Claire Zachanassian non impersona né la giustizia né il piano Marshall e tanto meno l’Apocalisse; è semplicemente quello che è: la donna più ricca del mondo,
che grazie al denaro può agire come un’eroina della tragedia greca,
assoluta, crudele: Medea mettiamo.
Se lo può permettere. La Signora non manca di senso dell’umorismo, perché verso la gente ha lo stesso distacco che si ha verso la merce; distaccata anche da se stessa, possiede poi una grazia singolare, un fascino malvagio. Ma a forza di muoversi al di fuori del consesso umano è diventata qualcosa di immutabile, di rigido senza possibilità
di sviluppo ulteriore, a meno di non pietrificarsi in idolo. È un’apparizione
poetica al pari del suo seguito.
Se l’impassibile Claire Zachanassian ha statura eroica fin dall’inizio, il suo anziano amante la deve acquistare. Lurido bottegaio, egli cade nelle grinfie di lei, ignaro.

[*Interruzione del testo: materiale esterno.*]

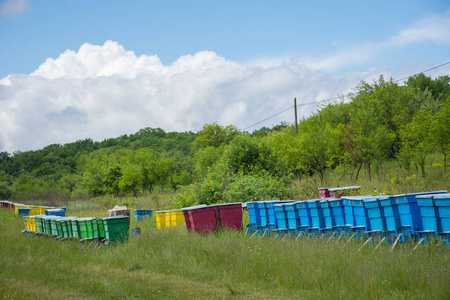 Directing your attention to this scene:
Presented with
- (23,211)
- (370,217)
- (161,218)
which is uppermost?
(23,211)

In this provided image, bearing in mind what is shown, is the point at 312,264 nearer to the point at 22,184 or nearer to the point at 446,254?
the point at 446,254

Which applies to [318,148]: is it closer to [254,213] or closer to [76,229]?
[254,213]

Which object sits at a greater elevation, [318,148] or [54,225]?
[318,148]

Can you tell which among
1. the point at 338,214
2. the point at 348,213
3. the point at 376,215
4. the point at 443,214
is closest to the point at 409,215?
the point at 376,215

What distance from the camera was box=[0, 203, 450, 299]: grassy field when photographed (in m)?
6.30

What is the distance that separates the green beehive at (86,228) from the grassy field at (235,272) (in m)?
2.30

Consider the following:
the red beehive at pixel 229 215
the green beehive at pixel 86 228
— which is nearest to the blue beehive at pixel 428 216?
the red beehive at pixel 229 215

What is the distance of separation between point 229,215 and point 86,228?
5.14 meters

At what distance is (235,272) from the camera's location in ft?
26.7

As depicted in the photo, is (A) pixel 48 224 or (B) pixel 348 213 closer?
(B) pixel 348 213

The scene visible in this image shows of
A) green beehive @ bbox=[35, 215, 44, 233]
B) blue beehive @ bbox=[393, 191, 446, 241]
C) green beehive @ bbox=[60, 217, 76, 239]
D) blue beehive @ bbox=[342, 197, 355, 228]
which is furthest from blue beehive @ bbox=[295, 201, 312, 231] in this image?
green beehive @ bbox=[35, 215, 44, 233]

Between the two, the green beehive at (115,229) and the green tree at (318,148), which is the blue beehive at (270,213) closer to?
the green beehive at (115,229)

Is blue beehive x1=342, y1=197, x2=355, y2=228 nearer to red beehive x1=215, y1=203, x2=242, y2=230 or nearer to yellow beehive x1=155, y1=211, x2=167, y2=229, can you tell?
red beehive x1=215, y1=203, x2=242, y2=230

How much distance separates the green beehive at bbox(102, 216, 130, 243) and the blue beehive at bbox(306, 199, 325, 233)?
5939 millimetres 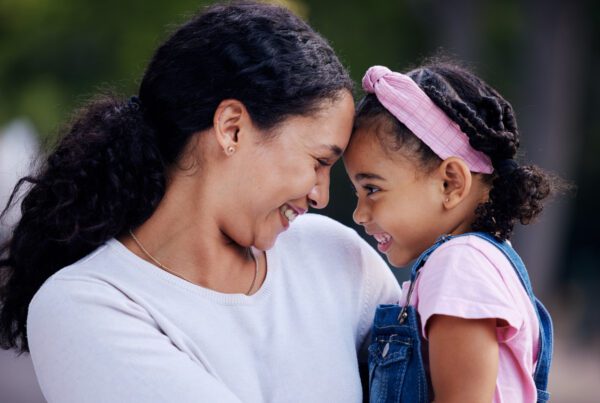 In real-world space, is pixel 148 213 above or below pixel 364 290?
above

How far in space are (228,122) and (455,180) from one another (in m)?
0.60

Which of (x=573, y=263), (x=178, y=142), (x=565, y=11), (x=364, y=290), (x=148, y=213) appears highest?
A: (x=178, y=142)

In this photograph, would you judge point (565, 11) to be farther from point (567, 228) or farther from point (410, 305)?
point (410, 305)

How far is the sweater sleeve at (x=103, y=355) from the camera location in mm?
2008

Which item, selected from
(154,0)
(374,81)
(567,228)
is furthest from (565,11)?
(374,81)

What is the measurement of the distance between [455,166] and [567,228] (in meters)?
11.7

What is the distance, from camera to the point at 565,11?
36.3ft

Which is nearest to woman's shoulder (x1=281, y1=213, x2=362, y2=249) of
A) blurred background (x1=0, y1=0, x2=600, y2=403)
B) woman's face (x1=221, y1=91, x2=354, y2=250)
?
woman's face (x1=221, y1=91, x2=354, y2=250)

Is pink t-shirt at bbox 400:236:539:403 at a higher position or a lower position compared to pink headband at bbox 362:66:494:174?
lower

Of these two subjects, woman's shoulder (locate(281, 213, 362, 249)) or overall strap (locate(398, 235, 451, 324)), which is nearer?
overall strap (locate(398, 235, 451, 324))

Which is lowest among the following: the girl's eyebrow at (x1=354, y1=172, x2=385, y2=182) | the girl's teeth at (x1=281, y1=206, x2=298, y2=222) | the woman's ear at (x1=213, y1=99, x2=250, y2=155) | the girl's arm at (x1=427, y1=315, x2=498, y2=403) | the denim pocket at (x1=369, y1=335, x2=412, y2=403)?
the denim pocket at (x1=369, y1=335, x2=412, y2=403)

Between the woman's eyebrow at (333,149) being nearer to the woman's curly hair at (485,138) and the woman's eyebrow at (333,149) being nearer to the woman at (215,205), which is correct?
the woman at (215,205)

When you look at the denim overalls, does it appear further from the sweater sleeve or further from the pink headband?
the sweater sleeve

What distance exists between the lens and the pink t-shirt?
7.14 feet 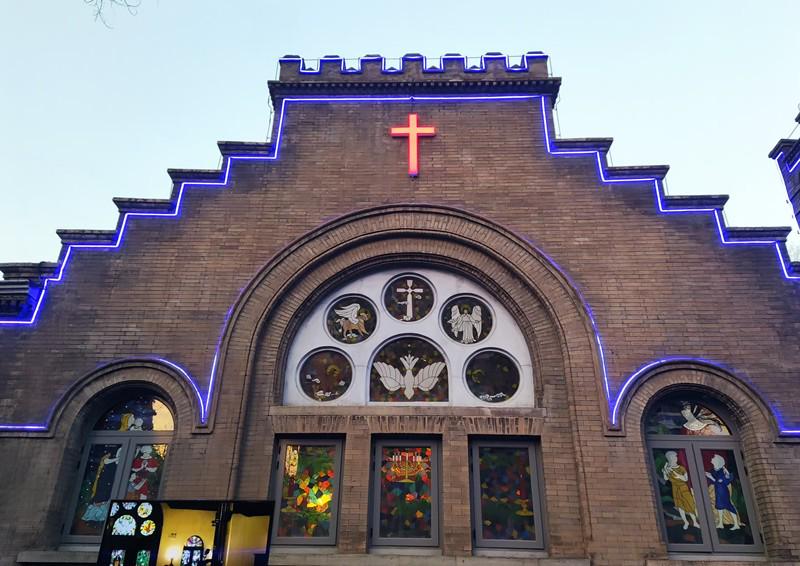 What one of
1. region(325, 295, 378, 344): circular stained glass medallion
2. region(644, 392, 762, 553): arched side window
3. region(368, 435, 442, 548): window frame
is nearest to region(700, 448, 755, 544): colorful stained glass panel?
region(644, 392, 762, 553): arched side window

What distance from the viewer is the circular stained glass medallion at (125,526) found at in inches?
232

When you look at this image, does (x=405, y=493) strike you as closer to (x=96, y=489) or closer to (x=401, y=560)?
(x=401, y=560)

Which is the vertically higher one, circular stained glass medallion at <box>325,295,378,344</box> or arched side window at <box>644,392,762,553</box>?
circular stained glass medallion at <box>325,295,378,344</box>

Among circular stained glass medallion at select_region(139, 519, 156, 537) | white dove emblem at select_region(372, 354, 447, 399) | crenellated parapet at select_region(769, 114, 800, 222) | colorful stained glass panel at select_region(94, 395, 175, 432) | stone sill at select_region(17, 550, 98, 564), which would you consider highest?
crenellated parapet at select_region(769, 114, 800, 222)

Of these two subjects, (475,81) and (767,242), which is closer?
(767,242)

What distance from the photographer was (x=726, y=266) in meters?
9.88

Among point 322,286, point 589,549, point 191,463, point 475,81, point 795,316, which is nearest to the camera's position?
point 589,549

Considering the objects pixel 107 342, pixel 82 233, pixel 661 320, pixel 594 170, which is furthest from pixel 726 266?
pixel 82 233

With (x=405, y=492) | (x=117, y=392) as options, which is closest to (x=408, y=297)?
(x=405, y=492)

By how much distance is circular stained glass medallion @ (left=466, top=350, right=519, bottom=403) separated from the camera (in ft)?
31.7

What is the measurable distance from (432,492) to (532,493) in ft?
5.05

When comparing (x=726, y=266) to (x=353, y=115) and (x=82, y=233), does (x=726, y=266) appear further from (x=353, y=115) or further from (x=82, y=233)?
(x=82, y=233)

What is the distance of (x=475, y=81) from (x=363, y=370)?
620 centimetres

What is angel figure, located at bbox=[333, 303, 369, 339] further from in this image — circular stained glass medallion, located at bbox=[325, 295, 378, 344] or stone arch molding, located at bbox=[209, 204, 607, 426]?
stone arch molding, located at bbox=[209, 204, 607, 426]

Colpevole com’è, all’inizio egli crede che la vita abbia da sola cancellato tutte
le sue colpe. Un bruto insensibile, un semplicione nella cui mente, a poco a poco,
si fa strada un barlume di coscienza, attraverso la paura, il terrore...
Accanto ai protagonisti ci sono gli abitanti di Güllen, gente comune, come tutti noi. Non bisogna dar loro tratti malvagi, tutt’altro; dapprima sono decisi a respingere l’offerta;
se poi fanno debiti non è col proposito di uccidere Ill, ma per leggerezza, con l’idea
che tutto si arrangerà. È il processo per cui una comunità cede a poco a poco alla
tentazione, cedimento esemplare, ma che deve essere reso plausibile.
La tentazione è troppo grande, la povertà troppo dura.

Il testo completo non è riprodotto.